International career
- 2019: Denmark U16 / 2 / (0)
- 2023: Denmark U20 / 2 / (0)

= Mathias Sauer =

Danish footballer (born 2004)

Mathias Dahl Sauer (born 2 April 2004) is a Danish professional footballer who plays as an attacking midfielder for Eliteserien club Sandefjord.

==Career==
===AGF===
Sauer started playing football at Thorsager Rønde IF (TRIF). He later moved to AGF and then played for Silkeborg IF, before returning to AGF again in July 2019. After returning, 16-year old Sauer became an established played for the U19 team, although his young age.

Sauer did well with the U19s, which earned him his professional debut on 24 May 2021 - just over a month after his 17th birthday - in the Danish Superliga against FC Midtjylland, where he came on from the bench, playing the last 11 minutes of the game. On 6 March 2023, Sauer signed a new deal until June 2026 with AGF, meaning that he would be promoted to the first team squad from the start of the 2023–24 season.

On 3 April 2024, AGF confirmed that they had extended Sauer's contract until June 2027 and that he was simultaneously loaned to Norwegian Eliteserien club FK Haugesund for the rest of the year.

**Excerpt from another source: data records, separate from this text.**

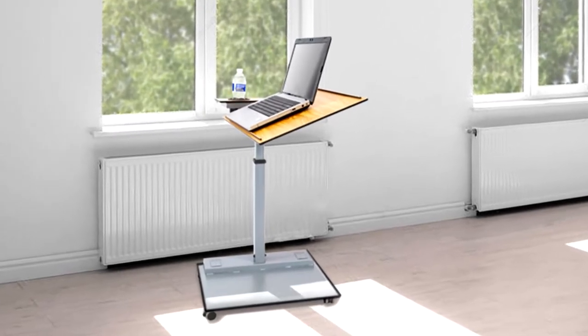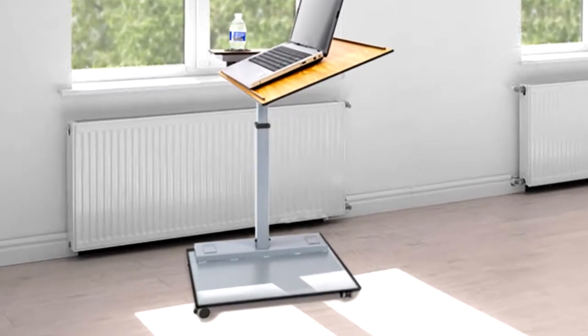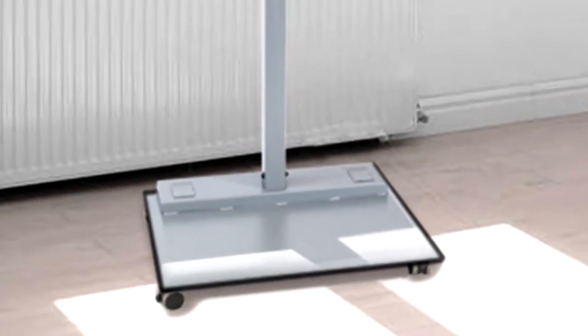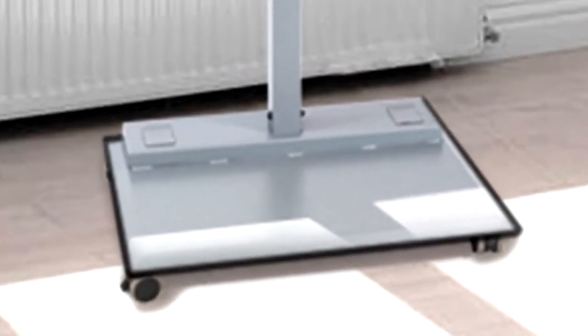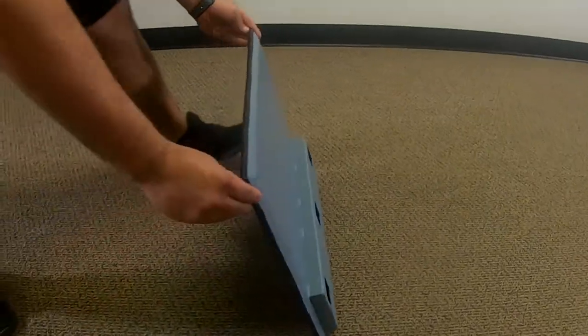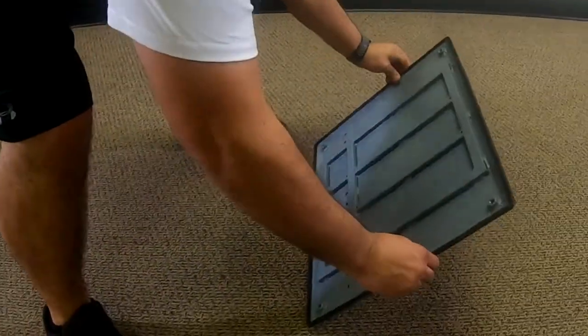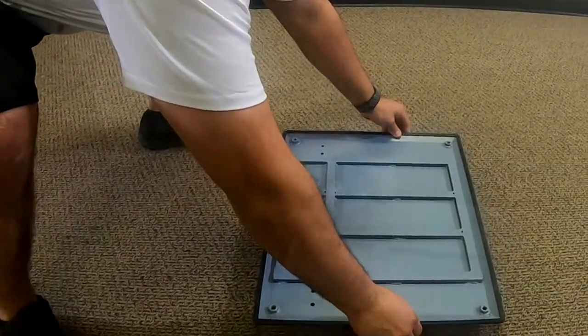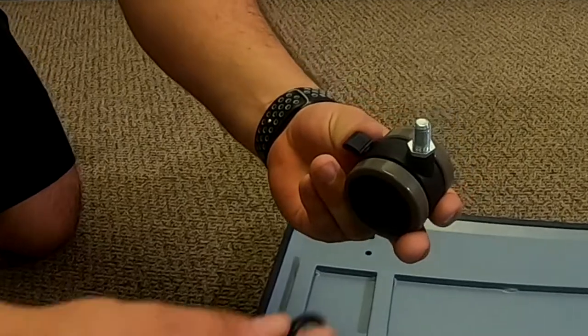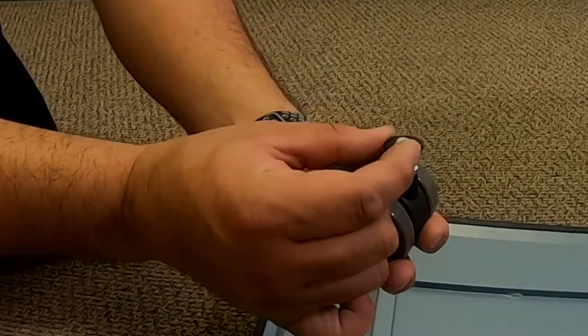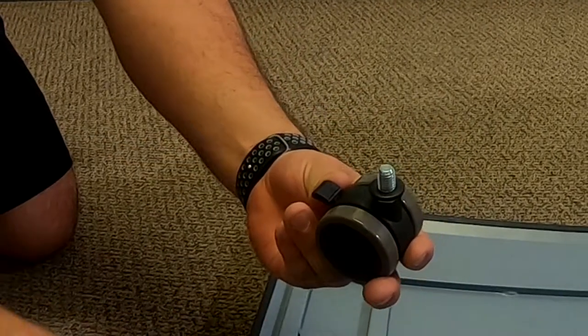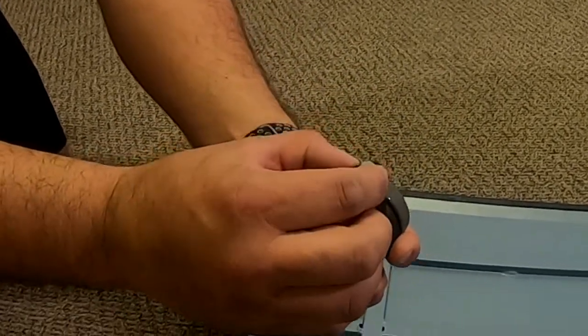If you will be using the included casters for easy maneuverability, let's install them now. Lay the base upside down. Insert an M10 washer, then an M10 spring washer on the wheel bolt.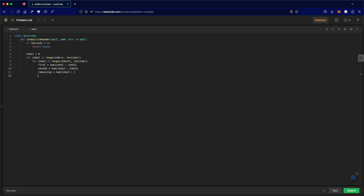Now that we have the first and second number, we need to see if using these two we're able to form an additive sequence. We define a helper function that takes the first number, second number, and remaining. If helper returns true, that means it is an additive number and we return true. If not, we go on to the next possibility. If nothing returns true after trying everything, we don't have an additive number.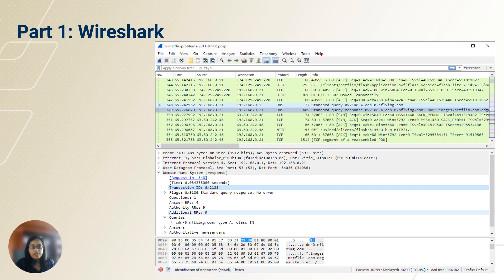In this section, we are diving into the world of packet analysis using Wireshark. Wireshark is a powerful network protocol analyzer. It allows you to capture and examine data traveling back and forth on a network. To use it, you simply open Wireshark, select a network interface to monitor and start capturing packets.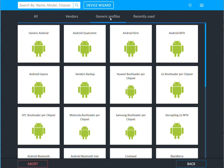In here you're going to see many profiles such as Android Kirin, Exynos, MTK.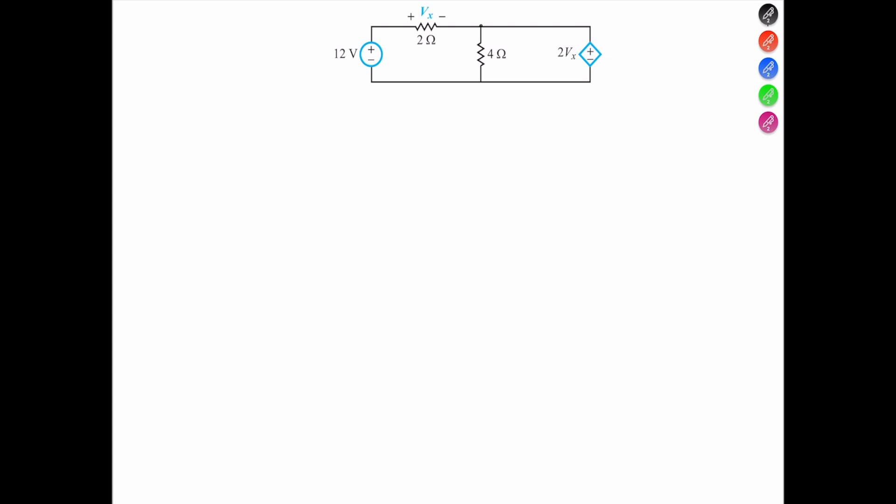So let's choose the best node — in this case it would be this node, and we'll call it Vx. The reason why we can call it Vx is because the voltage across the 4 ohm resistor is going to be the dependent voltage source, 2Vx. So if we apply KCL...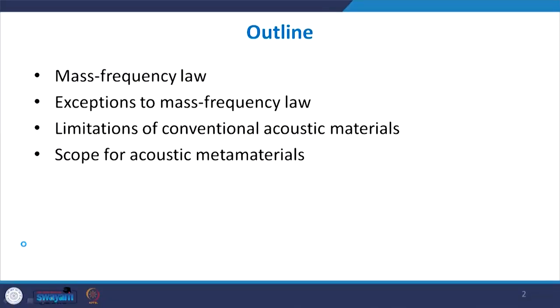In this lecture, I will first address the question: why do we need some new kind of metamaterials for noise control? For that I will discuss a special law called the mass frequency law, then some exceptions to the mass frequency law, the limitations of conventional acoustic materials, and finally, based on those limitations, define the scope for creating new materials called metamaterials.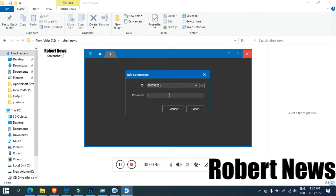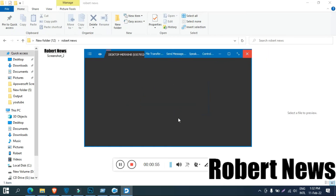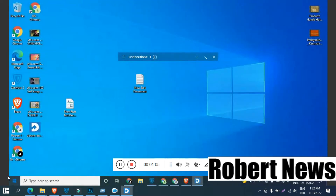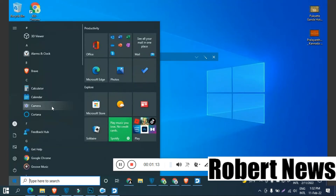I installed this on my laptop and checked connectivity between two laptops. When you open this application, it will ask for a username, user ID, and password. After that, just connect. If you want to transfer files, you can do that too. I connected to another computer using the user ID and password, and it connected the PC to another location.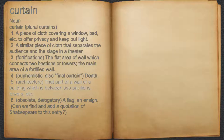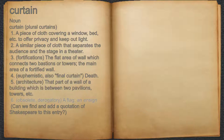5. Architecture: that part of a wall of a building which is between two pavilions, towers, etc. 6. Obsolete, derogatory: a flag, an ensign.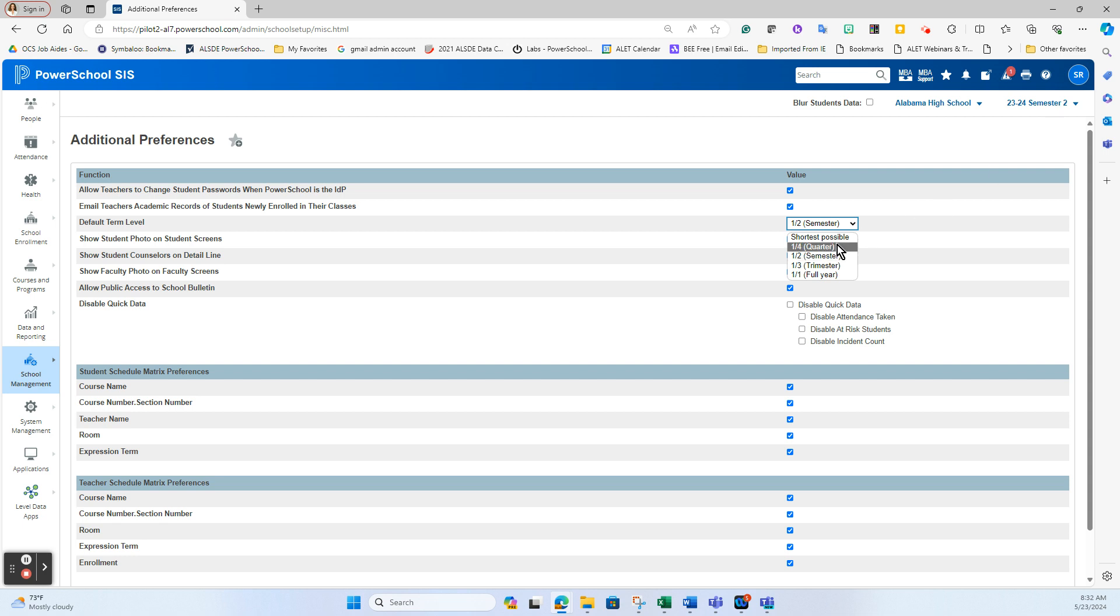A lot of districts will set this to short as possible because they want to be looking at current data. This does kind of flip the screen in your attendance views when you're looking on student records in the admin portal. And so to keep them from having to scroll throughout the whole year, people will set it for short as possible. But that does cause an issue at the end of the year when teachers need to get back into first semester classes, if you do semester classes and not just all year long classes like in elementary schools.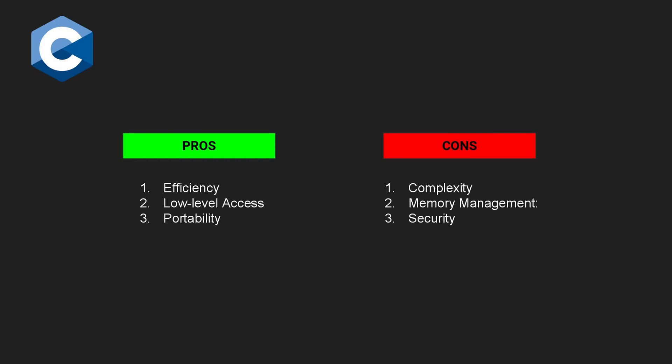However, there are some downsides to using C for embedded systems. C can be complex to learn, and it requires a deep understanding of programming concepts such as pointers and memory management. These concepts can be challenging for new programmers to understand.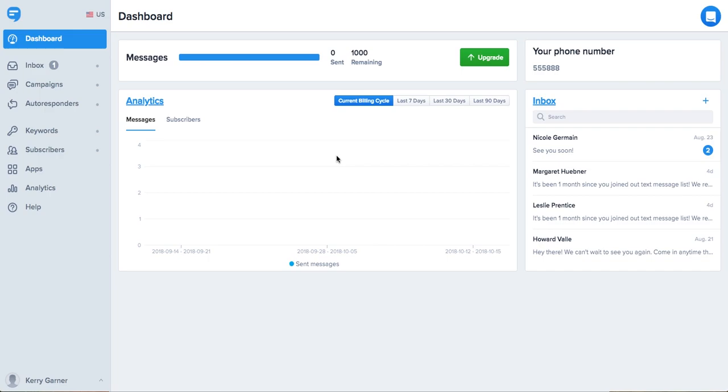Some of the topics I will cover are keywords, adding contacts, and sending your first campaign message. We also have a great library of articles and how-to videos to guide you through all of the other features that we have. You can find these by clicking help on the main menu.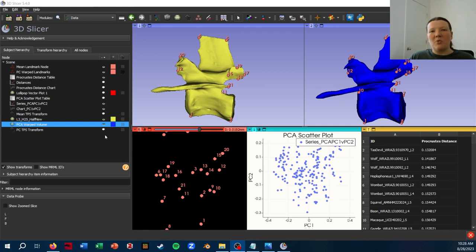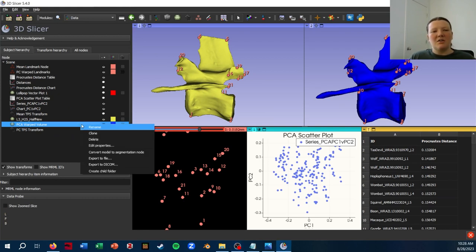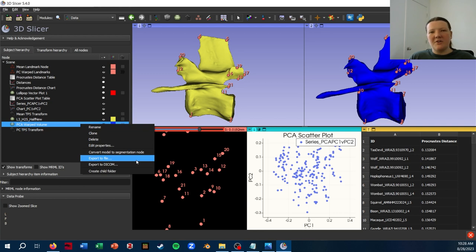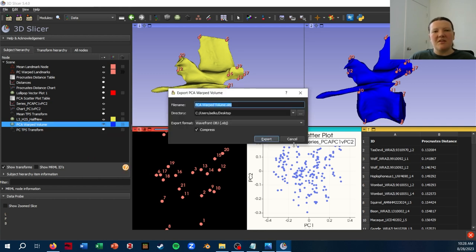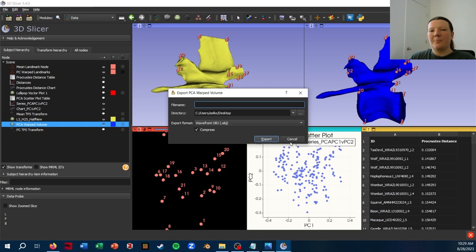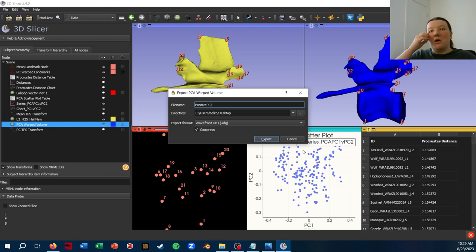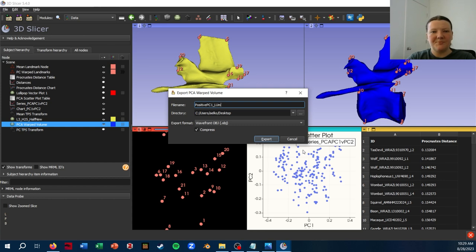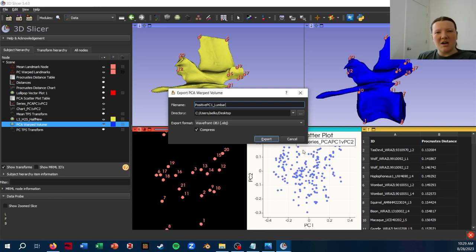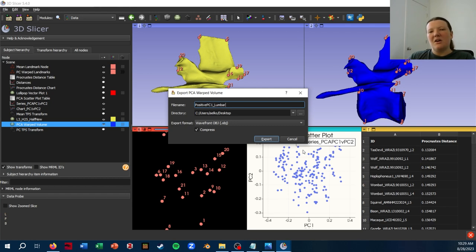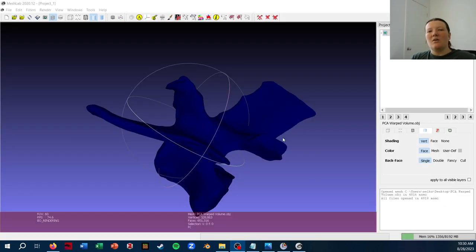So now that's been applied and the mesh is going to stay this shape. Okay. Once I've hardened the transform, I can either right click and export to file or use the Save button and then save it probably as an OBJ. I would also want to name it something like positive PC1 lumbar just so that I know that it is specifically representing the positive end of PC1. In this case, alright.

Despite a lot of chances, Sauer never made it in Norway and returned to AGF in 2025. It later emerged that Haugesund had wanted Sauer to stay at the club, but that AGF manager, Uwe Rösler, had asked for Sauer to return to the club.

===Egersunds IK===
On transfer deadline day in Norway, 27 March 2025, Sauer joined Norwegian First Division club Egersunds IK on a loan deal until June 2025, with an option to buy included. On 19 June 2025, AGF confirmed that the Norwegian club had exercised their option to buy and signed Sauer on a permanent deal lasting three years.

===Górnik Zabrze===
On 20 January 2026, Sauer joined Ekstraklasa club Górnik Zabrze on a deal until the end of June 2029, with an option for a one-year extension.

===Sandefjord===
Sauer spent six months in Poland before returning to Norway on 16 July 2026, joining Sandefjord on a three-and-a-half-year deal.